Wagner, a Ballwin Republican, pushed back on the criticism in a statement and attacked McCaskill for opposing the confirmation of Supreme Court Justice Neil Gorsuch last week.
“I believe what makes you unfit for office is when you don’t represent Missouri values; and Sen. McCaskill’s vote against Justice Gorsuch last week told millions of Missourians that she simply doesn’t share their values,” she said.
Hartzler’s office dismissed town halls as unproductive in February, but did not respond to McCaskill’s comments Thursday.
Wagner has raised $2.7 million in campaign funds as she mulls the challenge to McCaskill.
McCaskill’s campaign team announced Thursday evening that she has raised $2.8 million in the first three months of 2017 and has $3 million total in her campaign coffers at this point.
McCaskill warned the attendees in Parkville about the influence that dark money would have on the 2018 race, encouraging them to ignore any ads from organizations that do not disclose their donors even if they support her. She also joked that from political groups seeking to oust her, Missourians could expect to see “a lot of fat, ugly pictures of me next year.”
McCaskill said during an interview at The Kansas City Star later Thursday that if Democrat Hillary Clinton had been elected, she might not have planned to seek a third term in the Senate, but that she remains fully committed to the race after Trump’s victory in 2016.
“What happened in November kind of lit me on fire,” she said. “If you look at the election results, yes, Donald Trump won by a huge margin, but (Democrat) Jason Kander only lost by 3 (to Republican Sen. Roy Blunt). So it wasn’t, I don’t believe, a fundamental party shift.”
During the town hall, McCaskill repeatedly asserted her credentials as a moderate, bemoaning the increased polarization of American politics. She said that people on both sides seek sources of affirmation rather than information.
“You’ve got Breitbart. You’ve got Daily Kos,” McCaskill said. She encouraged the crowd to read newspapers and rhetorically asked how the nation can agree on anything “if we can’t agree on what the facts are.”
Austin Stukins, the executive director of the Missouri Republican Party, questioned McCaskill’s credentials as a moderate and called her town halls “dog and pony shows” in a statement Thursday.
“Claire McCaskill is traveling the state trying to pull the wool over Missourians’ eyes and posing as a moderate — but her record in Washington tells a different story,” he said. “Claire McCaskill has joined her fellow Washington liberals in obstructing President Trump at every turn, including voting to filibuster Justice Neil Gorsuch.”
McCaskill’s comparison of The Daily Kos, a liberal blog that has helped raise money for Democrats, to Breitbart, a website that has been accused of promoting white nationalism and was previously run by Trump’s adviser Steve Bannon, angered many progressives on social media, an indication that the senator will also face pressure from the left going into 2018.
Chris Reeves, a blogger for The Daily Kos who writes about politics in Kansas and Missouri, said he resented the comparison.

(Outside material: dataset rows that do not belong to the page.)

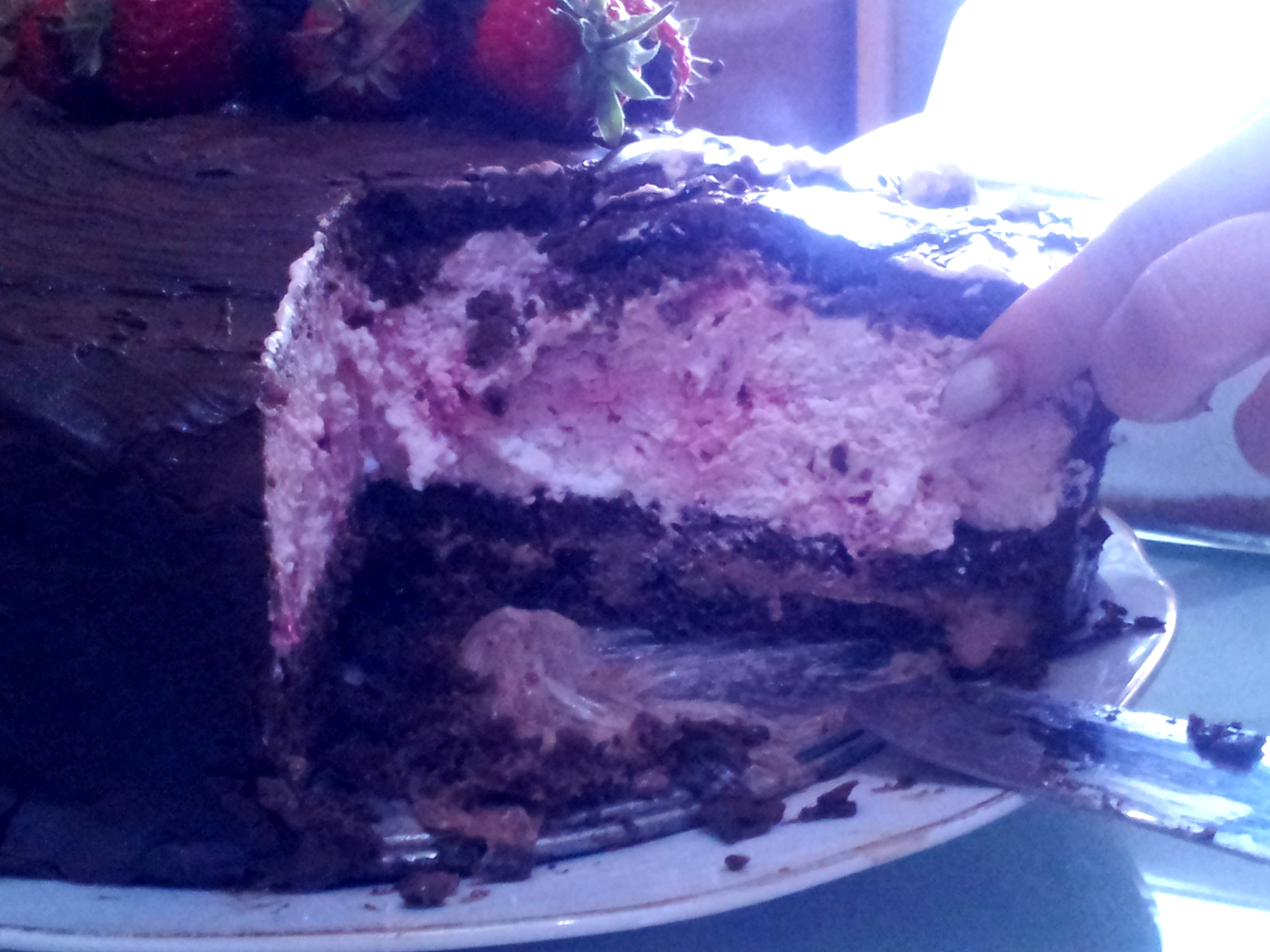 Tort cu crema de mascarpone, zmeura si ciocolata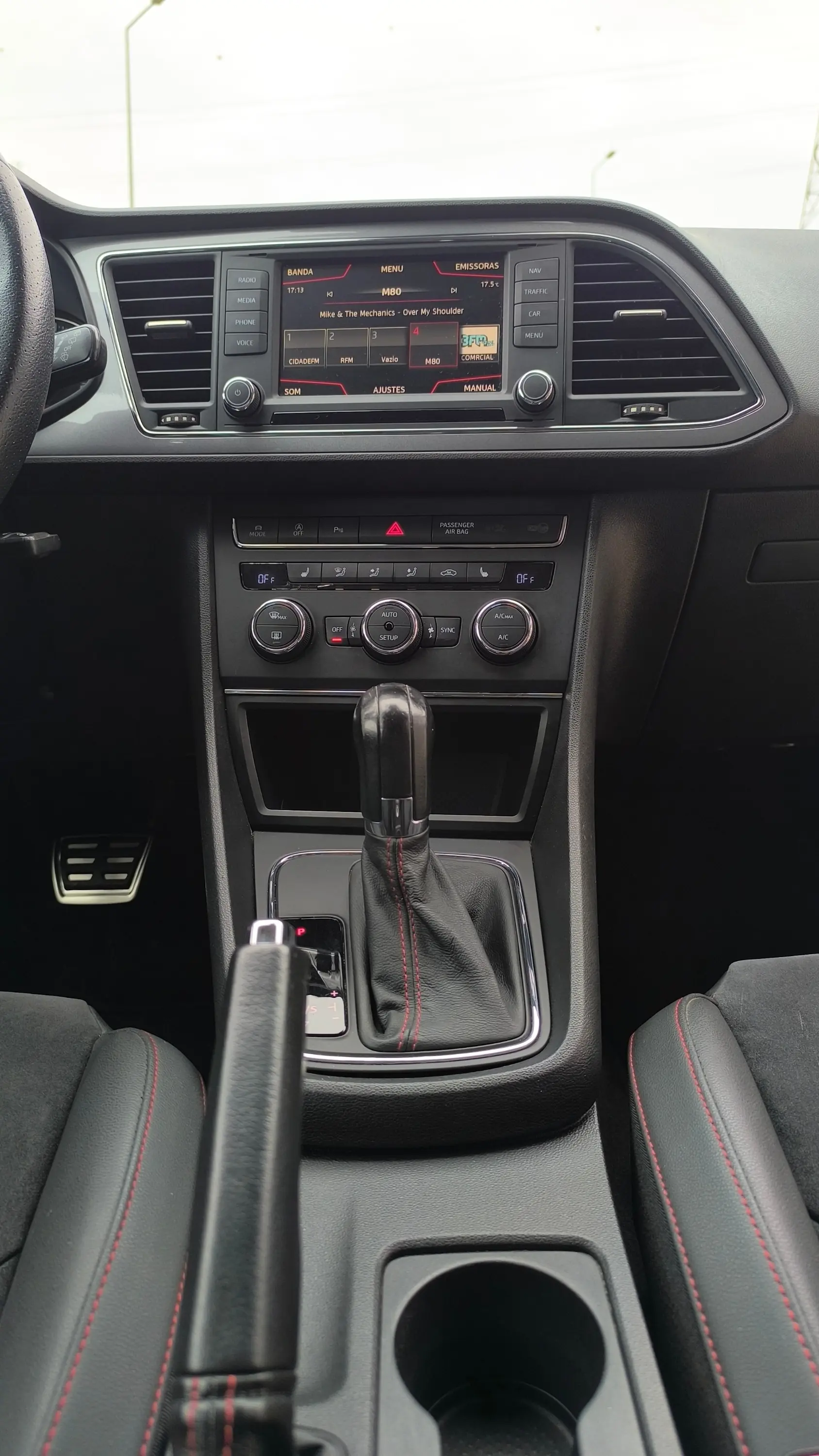 SEAT Leon 2.0 TDI FR DSG S/S 25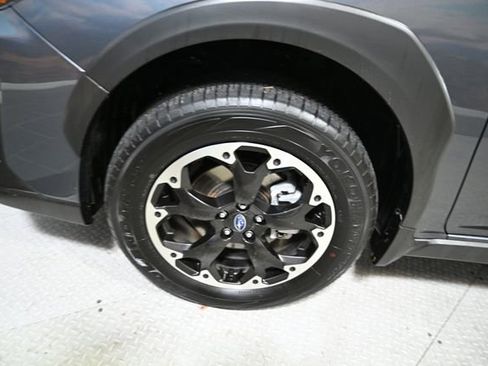 Used 2023 Subaru Crosstrek 2.0i Premium image 19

“The characterization is a fairly outlandish effort to create a supposed equal standing, and it’s rubbish. Daily Kos will openly force out articles with factual untruths; something Breitbart doesn’t do, and at times we’ve been the only people on the ground in Missouri state house races. So as a Daily Kos leader and member of the DNC, I’m incredibly disappointed by this attack on her own allies and her comparison which is wrong,” said Reeves, who serves as Kansas’ Democratic National Committeeman.
McCaskill noted the uproar over the comment in a meeting with The Star’s editorial board later that day. She said she was simply intending to point out that people on the two sides of the political divide are not getting the same information and did not mean it as a criticism of the site.